In a chessboard composed of 2^k * 2^k squares, just one square is different from other squares. This square is called a special square, and the chessboard with a special square is called a special chessboard. When k ^ 4 is in different positions on the chessboard, there will be a special case, for example, when k ^ 4 is in different positions on the chessboard.
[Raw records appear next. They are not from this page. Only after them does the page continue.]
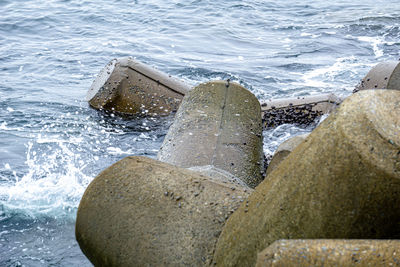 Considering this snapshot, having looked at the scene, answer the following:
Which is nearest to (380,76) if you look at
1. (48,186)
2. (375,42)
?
(48,186)

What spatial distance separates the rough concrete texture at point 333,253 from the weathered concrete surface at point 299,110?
5606 mm

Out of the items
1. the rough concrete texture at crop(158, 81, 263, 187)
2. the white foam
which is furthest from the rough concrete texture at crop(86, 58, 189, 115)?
the white foam

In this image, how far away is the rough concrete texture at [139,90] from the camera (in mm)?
8547

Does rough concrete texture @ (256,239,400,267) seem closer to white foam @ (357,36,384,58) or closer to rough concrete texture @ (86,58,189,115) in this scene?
rough concrete texture @ (86,58,189,115)

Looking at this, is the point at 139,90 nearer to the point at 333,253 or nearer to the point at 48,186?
the point at 48,186

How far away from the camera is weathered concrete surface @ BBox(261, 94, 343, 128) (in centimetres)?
791

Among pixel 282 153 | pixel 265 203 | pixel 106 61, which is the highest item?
pixel 265 203

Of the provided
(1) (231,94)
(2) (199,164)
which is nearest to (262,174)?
(2) (199,164)

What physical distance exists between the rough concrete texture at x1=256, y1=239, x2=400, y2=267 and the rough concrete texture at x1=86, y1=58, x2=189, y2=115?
626cm

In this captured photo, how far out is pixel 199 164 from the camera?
4973mm

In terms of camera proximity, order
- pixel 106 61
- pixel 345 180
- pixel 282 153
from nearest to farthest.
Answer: pixel 345 180, pixel 282 153, pixel 106 61

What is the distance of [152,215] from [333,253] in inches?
51.8

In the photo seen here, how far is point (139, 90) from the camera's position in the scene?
337 inches

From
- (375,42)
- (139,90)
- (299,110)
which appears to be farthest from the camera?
(375,42) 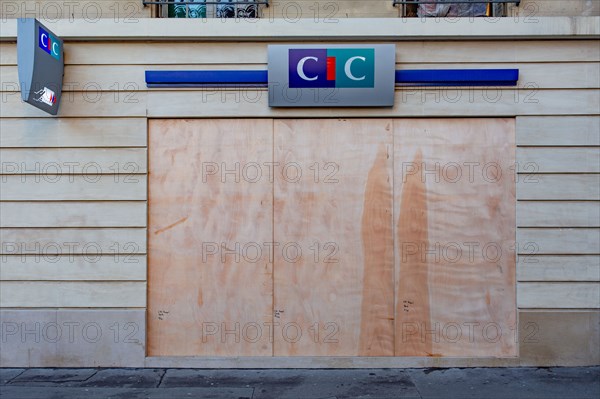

In the chessboard covering problem, four different forms of L-shaped dominoes are used to cover all squares of the special square in the special chessboard, and any two dominoes cannot have any overlap. Therefore, in any 2^k × In the special chessboard of 2^k, the number of L-shaped dominoes to be used is exactly (4^k-1) / 3.

(because 2^k × There are 4^k squares in the 2^k chessboard. Except for the special squares, the remaining squares to be covered are (4^k-1), and each L-shaped dominoes occupies 3 squares, so the number of dominoes required is (4^k - 1) / 3)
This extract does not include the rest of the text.